Numerical simulation of turbulent two-phase flows

Abstract

A two-equation turbulent model for steady incompressible two-phase flows was developed to predict multiphase flow phenomenon from the Navier-Stokes equations. Turbulent two-phase bubbly noncondensing jet flows and pipe flows were investigated. The numerical computations used an Eulerian system to describe the continuous (liquid) phase and a Lagrangian approach for simulating the effects of the dispersed (gaseous) phase. Source terms were used to couple the two approaches. A deterministic separated flow model was used to predict the bubbly jets, whereas a stochastic separated flow model was developed to describe the bubbly flow in vertical pipes.
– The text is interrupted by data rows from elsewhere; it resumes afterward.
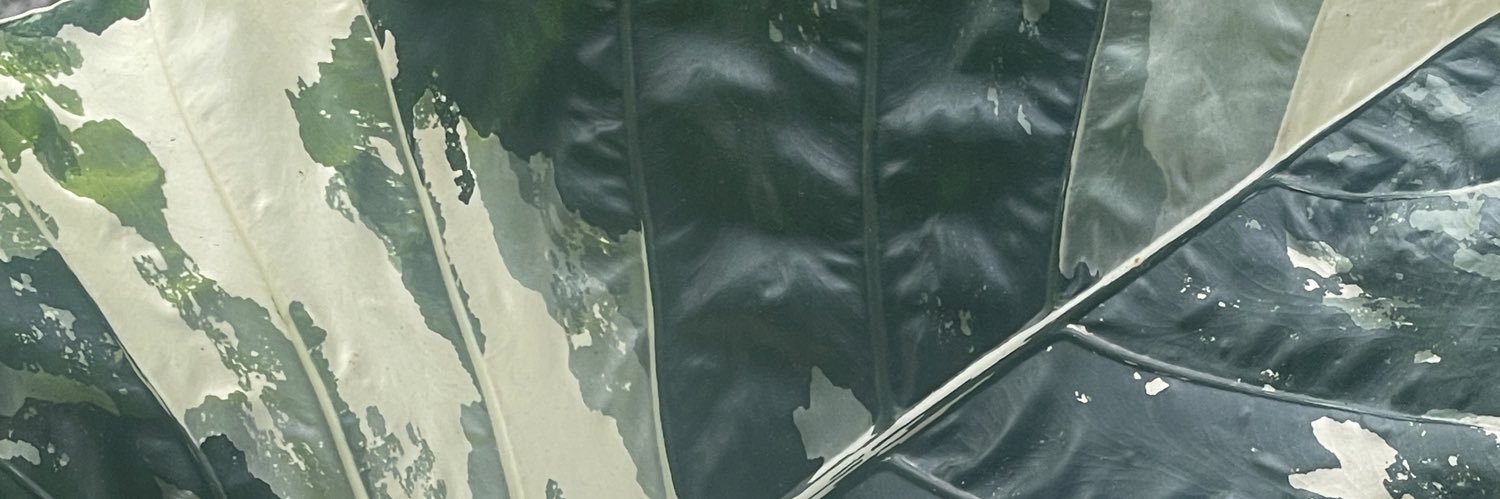 AllenJoshuaaa's profile banner image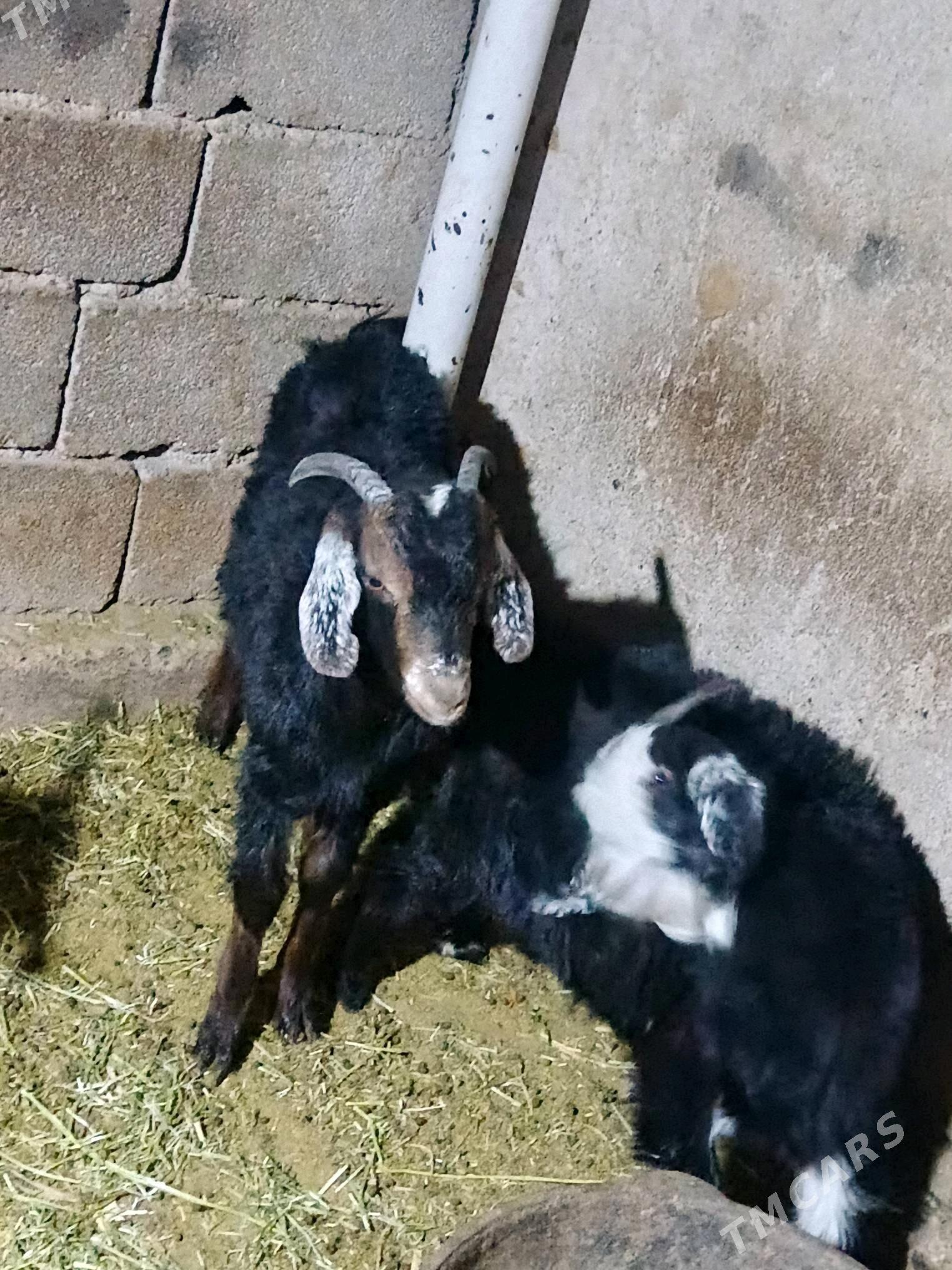 çewiç bakylan - Бузмеин - img 4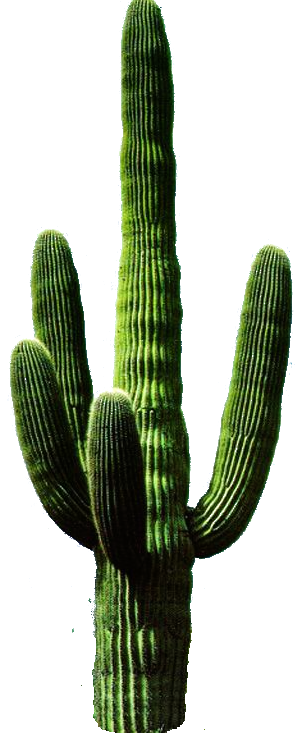 Cactus HD PNG - 119294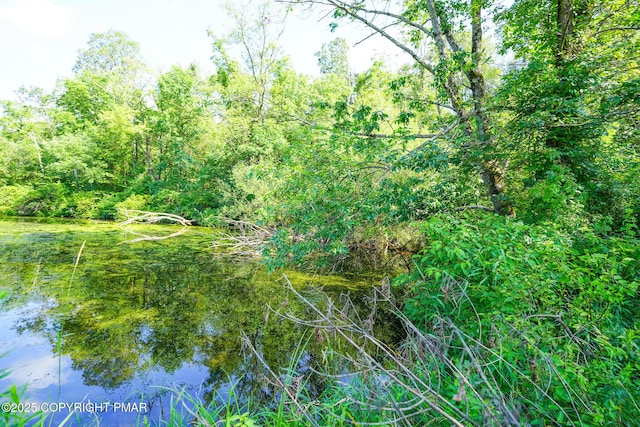 3087 W Beersville Rd, Bath, PA 18014 - photo 7
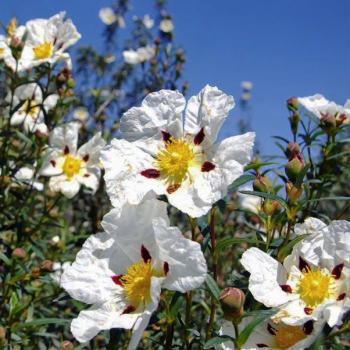 Cistus ladaniferus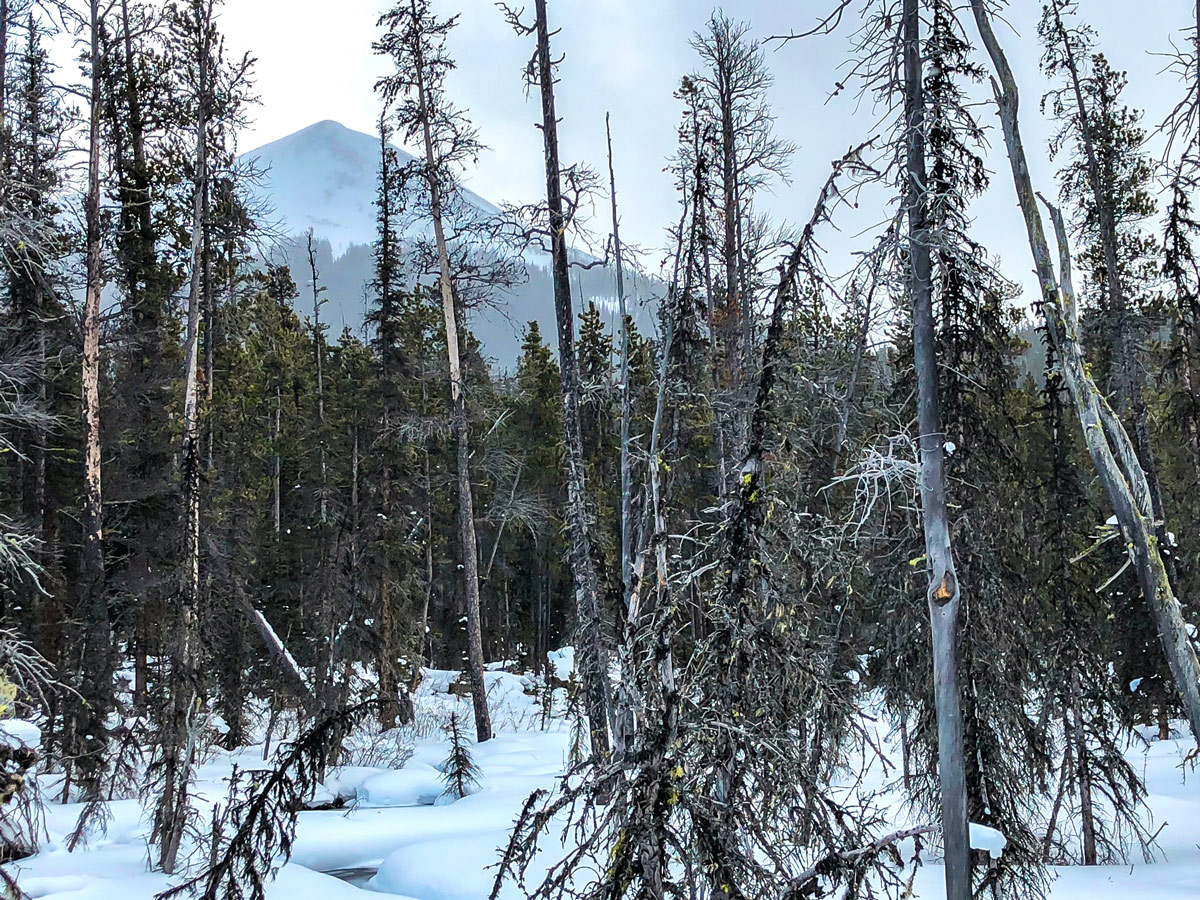 Woods along the path on Mt Shark XC ski trail near Kananaskis and Canmore in the Canadian Rockies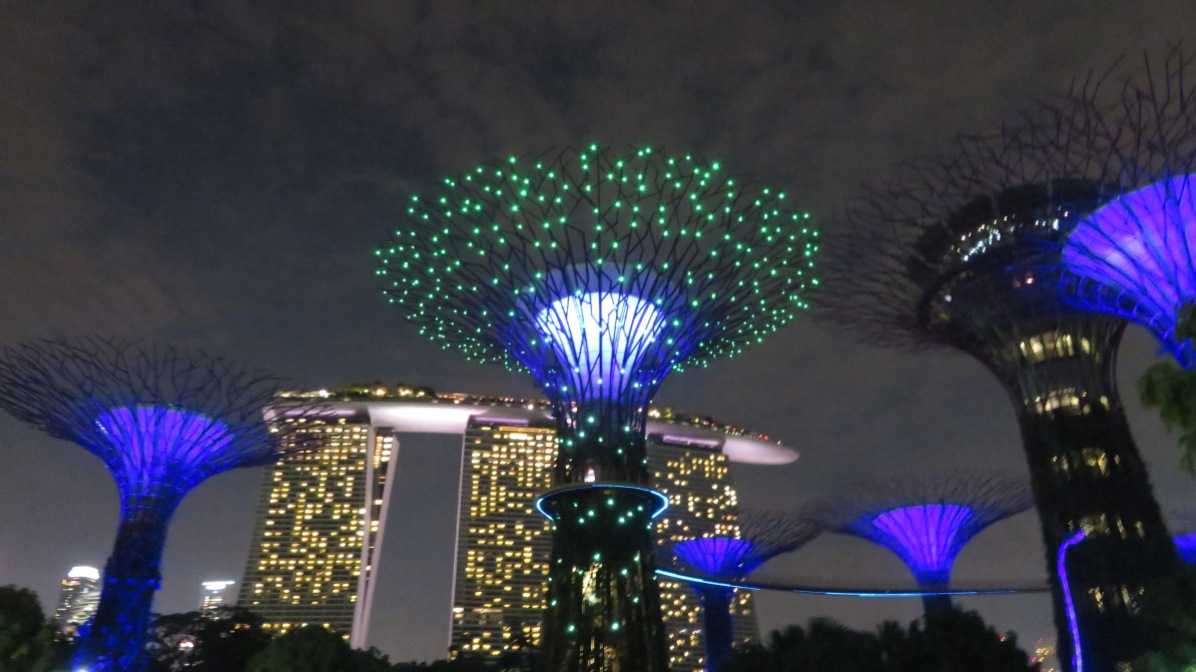 Supertrees by night - 7.45pm and 8.45pm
The deterministic model allows for bubble interactions with the liquid mean properties, whereas the stochastic model takes into account the instantaneous transport properties of the bubbles and the liquid. The addition of even small amounts of air increases flow turbulence levels noticeably. At higher void fractions, the effects of the second phase were large, justifying the need for a detailed model of the energy production and dissipation mechanisms to predict the two-phase flow. These effects were included in the k- ϵ model of turbulence used here and required introduction of two additional constants for closure. The additional constants were evaluated using the limited experimental data available. The model's two-phase flow computations yielded very good predictions of flow details. Predictions of the radial distributions of mean velocity and turbulence intensity compared well with the experimental data available in the literature.